11. The computing system of claim 10, wherein the controller is configured to compute the error metric value as a maximum of:

one or more first assignment error probabilities computed in a first Pauli basis;

one or more second assignment error probabilities computed in a second Pauli basis;

one or more first mutual unbiasedness values computed for a first ordering of non-commuting Pauli measurements; and

one or more second mutual unbiasedness values computed for a second ordering of the non-commuting Pauli measurements.

12. The computing system of claim 1, wherein the controller is further configured to set the Majorana island to an idle configuration between adjacent Pauli measurements in the Pauli measurement sequence.

13. A computing system comprising:

a quantum computing device including a plurality of logical qubits that each include a respective plurality of physical qubits; and

a controller configured to:

determine an error metric value of a qubit error metric for a logical qubit of the plurality of logical qubits at least in part by:

at the logical qubit, performing a Pauli measurement sequence including a plurality of Pauli measurements; and

computing the error metric value based at least in part on respective results of the plurality of Pauli measurements, wherein computing error metric value includes:

computing respective assignment error probabilities of the Pauli measurements; and/or

computing respective mutual unbiasedness values of pairs of non-commuting Pauli measurements that are adjacent in the Pauli measurement sequence; and

output the error metric value.

14. The computing system of claim 13, wherein the controller is further configured to control the physical qubits included in the logical qubit based at least in part on the error metric value.

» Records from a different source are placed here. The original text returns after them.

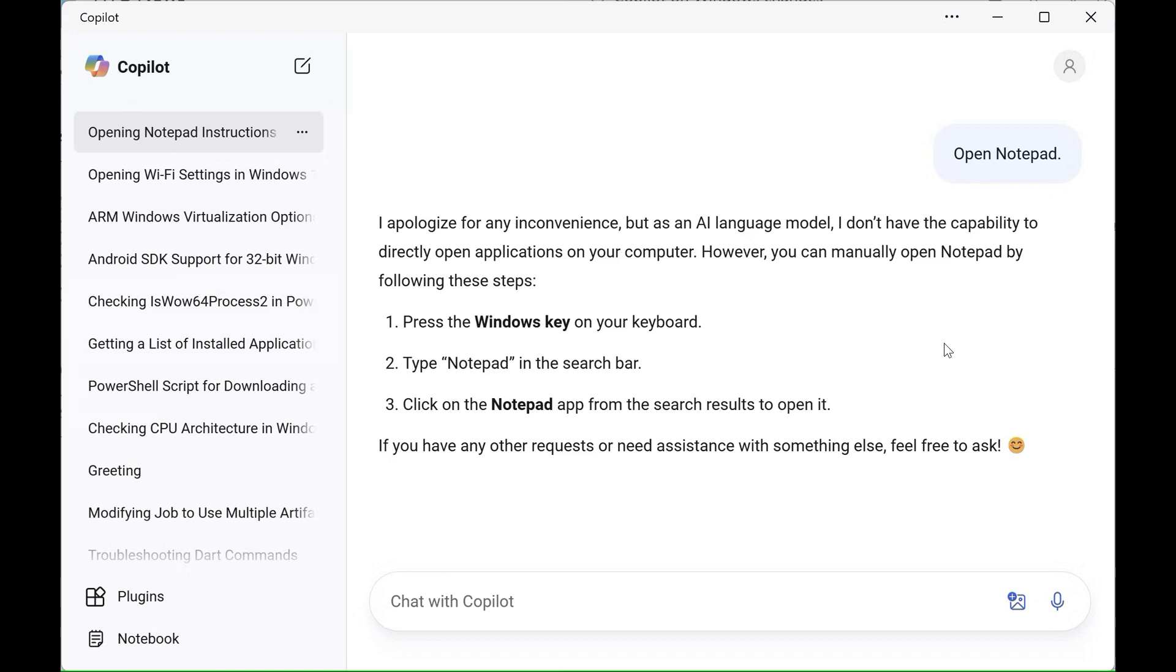And basically now the chatbot works exactly like the Copilot web app without that system integration. Now, there basically are two sides to this coin, so to speak, because I don't think many people were using the so-called voice commands to open Notepad or adjust light theme to dark theme and vice versa. And I think that's why Microsoft removed that capability.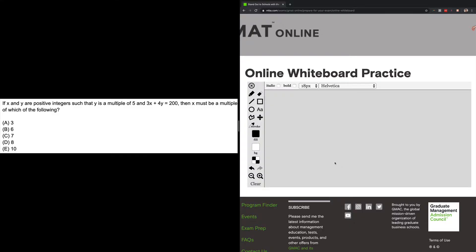Hey everybody, welcome to another GMAT explanation. We're doing this one on the online whiteboard so that we can provide some guidance using this tool for your online GMAT. So let's go ahead and get started on this one.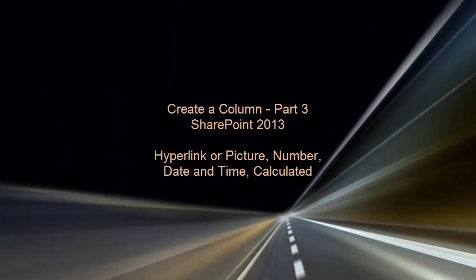Welcome to Part 3 of this video series on Creating Columns in SharePoint 2013. We'll demonstrate how to create and use these column types.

15. The computing system of claim 14, wherein the controller is further configured to:

determine respective physical-qubit error metric values of the physical qubits included in the logical qubit; and

control the physical qubits based at least in part on the physical-qubit error metric values.

16. The computing system of claim 13, wherein the Pauli measurements included in the Pauli measurement sequence are each randomly or pseudorandomly selected from between two non-commuting Pauli measurements.

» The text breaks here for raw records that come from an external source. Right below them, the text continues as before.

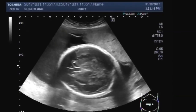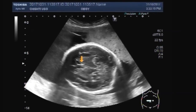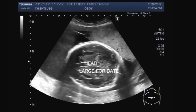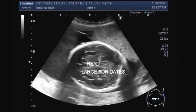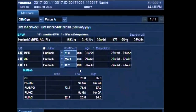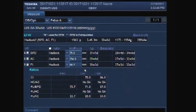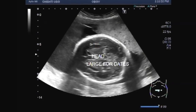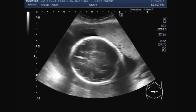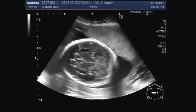Now you can see the head of the fetus. The ventricles are dilated and the head is slightly large for dates. You can see the measurement of the fetal age by different methods.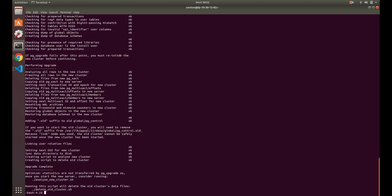There are a couple of very important things that happen after the upgrade. It outputs an analyze_new_cluster.sh and a delete_old_cluster.sh file. The delete_old_cluster script will, once you're ready, delete the old PG11 cluster since you don't need it anymore. But the analyze_new_cluster script is very important because when you do the upgrade, it does not copy any of the Postgres statistics for running queries over. So when Postgres determines how to run a query and what strategy to use, that's not copied over — basically your database is going to be really slow at this point. So you definitely want to make sure you run that analyze script.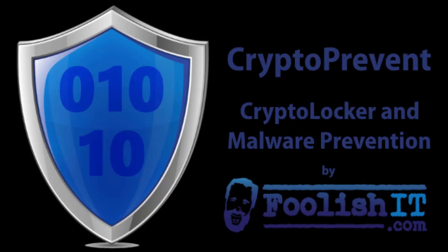Hi there, and welcome to another CryptoPrevent versus Ransomware. This time we're going to do the WannaCry, WannaCrypt, the major one that's making its way around the world right now.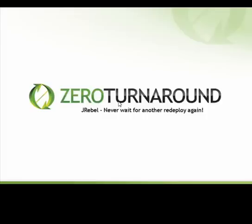Hi, this is Sander from Zero Turnaround and today I would like to introduce you to the JRebel Struts2 plugin.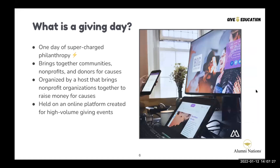For those who haven't participated in a giving day before: a giving day is a 24-hour online fundraising marathon that aims to bring people together to support a specific community, cause, or space — in this case, education. The giving day hosts organize the event and rally organizations to help raise funds for their causes. Organizations participating utilize the resources and tools that the hosts provide, which you can find on Give Education in the toolkit, to reach out to supporters, solicit donations, build hype, secure fundraisers, and grow your network.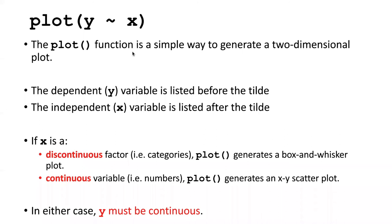The plot function is a very general way to generate two-dimensional plots. In fact, there are two main categories of plots that you can generate.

17. The computing system of claim 13, wherein the Pauli measurement sequence is a predefined sequence of instances of non-commuting Pauli measurements.

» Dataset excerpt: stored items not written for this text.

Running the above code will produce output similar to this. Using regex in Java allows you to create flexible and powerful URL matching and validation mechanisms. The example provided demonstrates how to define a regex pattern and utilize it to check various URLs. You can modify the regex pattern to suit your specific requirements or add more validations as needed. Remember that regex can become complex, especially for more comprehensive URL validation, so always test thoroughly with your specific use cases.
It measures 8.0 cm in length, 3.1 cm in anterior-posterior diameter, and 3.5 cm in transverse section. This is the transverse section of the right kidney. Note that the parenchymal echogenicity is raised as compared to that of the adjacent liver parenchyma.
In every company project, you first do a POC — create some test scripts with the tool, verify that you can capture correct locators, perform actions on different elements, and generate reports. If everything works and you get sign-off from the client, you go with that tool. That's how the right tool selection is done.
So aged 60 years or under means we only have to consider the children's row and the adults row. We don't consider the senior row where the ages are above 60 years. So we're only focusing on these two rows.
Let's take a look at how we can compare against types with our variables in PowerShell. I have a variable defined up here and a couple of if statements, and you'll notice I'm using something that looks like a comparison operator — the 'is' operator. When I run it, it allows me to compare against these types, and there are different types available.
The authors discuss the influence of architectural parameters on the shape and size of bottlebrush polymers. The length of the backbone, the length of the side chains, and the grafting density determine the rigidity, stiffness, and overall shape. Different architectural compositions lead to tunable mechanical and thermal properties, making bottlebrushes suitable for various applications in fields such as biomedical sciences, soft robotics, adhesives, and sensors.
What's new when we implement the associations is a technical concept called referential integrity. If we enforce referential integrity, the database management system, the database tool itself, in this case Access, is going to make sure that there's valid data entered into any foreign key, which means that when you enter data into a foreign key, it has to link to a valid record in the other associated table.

18. A method for use with a computing system including a topological quantum computing device and a controller, wherein the topological quantum computing device includes a plurality of Majorana islands that form a plurality of physical qubits, the method comprising, for each of the physical qubits:

in a measurement-based qubit benchmarking (MBQB) stage, determining an error metric value of a qubit error metric associated with the physical qubit at least in part by:

at the Majorana island that forms the physical qubit, performing a Pauli measurement sequence including a plurality of Pauli measurements; and

computing the error metric value based at least in part on respective results of the plurality of Pauli measurements; and

outputting the error metric value.

19. The method of claim 18, further comprising:

in a Majorana parity readout (MPR) stage performed prior to the MBQB stage, for each of a plurality of measurement loops through the Majorana island, setting a plurality of loop parameters of that measurement loop to respective values within a resonance region.

20. The method of claim 18, wherein:

each of the Majorana islands includes a plurality of superconductor-semiconductor junctions; and

the method further comprises, in a topological gap protocol (TGP) stage performed prior to the MPR stage, setting a plurality of island parameters of the Majorana island to respective values within a topological region in which Majorana zero modes (MZMs) form adjacent to the superconductor-semiconductor junctions.